Starting Monday all 2.2 billion Facebook users will receive a notice on their newsfeeds, titled 'Protecting Your Information,' with a link to see what apps they use and what information they have shared with those apps. 

When the breach was discovered, it first noted that only 50 million users had been affected, but that number jumped up to 87 million.

In South Africa, 33 users installed the questionnaire app Cambridge Analytica used to gather the data of millions of their users.  

However, a total of 59 777 South Africa users in total have had their details compromised according to a  Facebook spokesperson that spoke to the media. 

Additionally, If users want, they can shut off apps individually or turn off third-party access to their apps completely.

The 87 million users who might have had their data shared with Cambridge Analytica will get a more detailed message informing them of this. 
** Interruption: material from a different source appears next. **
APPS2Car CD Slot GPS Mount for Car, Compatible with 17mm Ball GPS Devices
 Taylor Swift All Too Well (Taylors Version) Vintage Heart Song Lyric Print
Facebook says most of the affected users (more than 70 million) are in the U.S., though there are over a million each in the Philippines, Indonesia and the U.K.

Reeling from its worst privacy crisis in history - allegations that this Trump-affiliated data mining firm may have used ill-gotten user data to try to influence elections - Facebook is in full damage-control mode, with CEO Mark Zuckerberg acknowledging he's made a 'huge mistake' in failing to take a broad enough view of what Facebook's responsibility is in the world. 

He's set to testify before Congress next week.

Cambridge Analytica whistleblower Christopher Wylie previously estimated that more than 50 million people were compromised by a personality quiz that collected data from users and their friends.

However in an interview aired Sunday on NBC's 'Meet the Press,' Wylie said the number could actually be larger than 87 million.   

He said: 'I think that it could be higher, absolutely.'

That Facebook app, called 'This is Your Digital Life,' was a personality quiz created in 2014 by an academic researcher named Aleksander Kogan, who paid about 270,000 people to take it. 

The app vacuumed up not just the data of the people who took it, but also - thanks to Facebook's loose restrictions - data from their friends, too, including details that they hadn't intended to share publicly.

Facebook later limited the data apps can access, but it was too late in this case.

Zuckerberg said Facebook came up with the 87 million figure by calculating the maximum number of friends that users could have had while Kogan's app was collecting data. 

The company doesn't have logs going back that far, he said, so it can't know exactly how many people may have been affected.

Cambridge Analytica said in a statement Wednesday that it had data for only 30 million people.